We did not do one kata form during the whole seminar. Only aiki and contact exercises and free waza. Endo Sensei was in a very good mood in spite that he needed a root canal on the first day of the seminar. This kind of practice is what makes the aikidokas soft, aware and sensible. If you only teach techniques, there will always be stiff people on the mat. More about that later. Tonight the open weekend seminar starts and tomorrow we will see some nice dan gradings. Now I need a short afternoon nap. I could easily get used to living this life; aikido, coffee, food, sleep, coffee, aikido, beer, sleep, aikido, food, coffee, aikido, sleep, coffee, aikido... All impregnated with great joy and loads of love...

Tuesday, February 9, 2010

Endo Sensei in Stockholm

Endo Sensei seminar in Stockholm has started and it feels great to be back in the epicentre, with all my dear aikido friends from all over the world. I have not seen them since in July. Three days of Yudansha seminar, and then an open weekend seminar. I will be caught up in aiki heaven during these days, therefore not much blogging. There will probably be a review after...

Friday, February 5, 2010

Winter wonderland for real...

Snow, sun, 15 below zero...

Outside my grandmothers house,
with Sankta Gertrud's church in the background

I am in Västervik now, visiting my grandmother and some other relatives. If there was a lot of snow in Malmö, then this is winter wonderland. I feel blessed to come home to a winter like this. The Swedish winter is normally as unreliable as the Swedish summer. You might get the real thing, but you might as well get grey nothingness. I honestly don't think that I have seen this much snow since I was a child. I have not made snow angels yet, but tomorrow I will put some ski pants on and go out and play in the snow! Pictures will come.
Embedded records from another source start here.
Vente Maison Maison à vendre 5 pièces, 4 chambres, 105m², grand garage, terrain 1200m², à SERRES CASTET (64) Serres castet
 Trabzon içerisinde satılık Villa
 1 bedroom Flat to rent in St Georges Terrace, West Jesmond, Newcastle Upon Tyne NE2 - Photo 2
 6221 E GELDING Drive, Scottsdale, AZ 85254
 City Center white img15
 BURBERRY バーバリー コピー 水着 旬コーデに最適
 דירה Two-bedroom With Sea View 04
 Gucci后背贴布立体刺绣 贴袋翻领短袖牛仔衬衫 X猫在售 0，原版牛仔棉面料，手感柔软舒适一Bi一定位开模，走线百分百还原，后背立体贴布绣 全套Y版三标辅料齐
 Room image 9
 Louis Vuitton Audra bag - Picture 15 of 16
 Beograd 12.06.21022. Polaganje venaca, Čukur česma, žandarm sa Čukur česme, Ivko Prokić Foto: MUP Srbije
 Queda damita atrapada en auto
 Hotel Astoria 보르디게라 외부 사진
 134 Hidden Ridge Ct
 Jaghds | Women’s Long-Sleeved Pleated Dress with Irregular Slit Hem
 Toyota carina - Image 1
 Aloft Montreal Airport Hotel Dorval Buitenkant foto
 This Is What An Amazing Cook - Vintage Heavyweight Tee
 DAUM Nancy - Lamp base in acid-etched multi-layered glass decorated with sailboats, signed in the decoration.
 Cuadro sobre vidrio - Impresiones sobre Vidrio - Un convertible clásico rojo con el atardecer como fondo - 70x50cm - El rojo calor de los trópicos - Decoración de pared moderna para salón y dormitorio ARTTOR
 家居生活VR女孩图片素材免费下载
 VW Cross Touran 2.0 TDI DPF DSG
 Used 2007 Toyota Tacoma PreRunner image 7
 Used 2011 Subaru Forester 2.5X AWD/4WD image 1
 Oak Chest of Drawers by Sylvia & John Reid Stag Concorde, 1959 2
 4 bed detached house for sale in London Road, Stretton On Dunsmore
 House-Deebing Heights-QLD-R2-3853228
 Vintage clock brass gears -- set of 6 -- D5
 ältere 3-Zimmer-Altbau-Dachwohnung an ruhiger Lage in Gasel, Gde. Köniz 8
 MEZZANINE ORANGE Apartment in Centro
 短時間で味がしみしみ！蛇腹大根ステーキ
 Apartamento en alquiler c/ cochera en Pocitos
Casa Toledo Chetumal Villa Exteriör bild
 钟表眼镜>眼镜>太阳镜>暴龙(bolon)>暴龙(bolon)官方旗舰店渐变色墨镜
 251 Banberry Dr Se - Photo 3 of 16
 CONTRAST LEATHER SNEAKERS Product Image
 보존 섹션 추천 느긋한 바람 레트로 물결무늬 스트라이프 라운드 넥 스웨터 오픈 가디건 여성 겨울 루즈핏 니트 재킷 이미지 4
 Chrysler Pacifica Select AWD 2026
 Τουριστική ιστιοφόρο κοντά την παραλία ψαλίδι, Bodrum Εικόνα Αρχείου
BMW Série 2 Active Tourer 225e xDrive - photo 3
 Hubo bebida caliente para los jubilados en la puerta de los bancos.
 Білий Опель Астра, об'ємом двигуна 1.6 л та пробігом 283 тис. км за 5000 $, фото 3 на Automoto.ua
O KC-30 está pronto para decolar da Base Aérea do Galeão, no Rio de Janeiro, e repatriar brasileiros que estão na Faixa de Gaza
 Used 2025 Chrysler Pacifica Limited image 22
Israelis possibly experience snow if they spend army time in the Golan Heights. That's basically it, or if they go abroad of course. I hope to bring both my man and the boys to a Swedish winter like this at some point, because there is nothing like it.

My parents walking to the car,
passing the huge snow piles

Tuesday, February 2, 2010

Winter wonderland

My flight went smoothly. Also security. Yoram always follows me through the first security check to alleviate the interrogation. "How long have you known each other?" "Do you know anyone that your boyfriend does not know?" How do you answer that? "No, he did not let me leave the house alone for 8 months." or "Yeah, I know a bunch of Palestinians on the West Bank." I guess that they would prefer to hear the former, while the latter is more close to the truth. "Did you pack your luggage yourself?" "Did anyone ask you to bring a package on their account?" "Yeah, there was this Arab guy I met..." Duh...

In Malmö the snow keeps on falling and I feel blessed to come home to a real winter. I had to scrape the windows on the car and I skidded around on the streets. Other than that things are the same. I drank my coffee at Kaffebar and the owner Samir was so happy to see me that he almost cried. I had brought him a nice Misbaha (Islamic prayer beads) made of volcanic stone that I bought in Daliyat al-Karmel. It will be a lot of hanging at Kaffebar during my time in Malmö.

I was about to go to aikido with Stefan Stenudd tonight but it is snowing so hard that I cannot even see my car anymore, so the Shihan will have to wait for my attendance until after my visit further up North.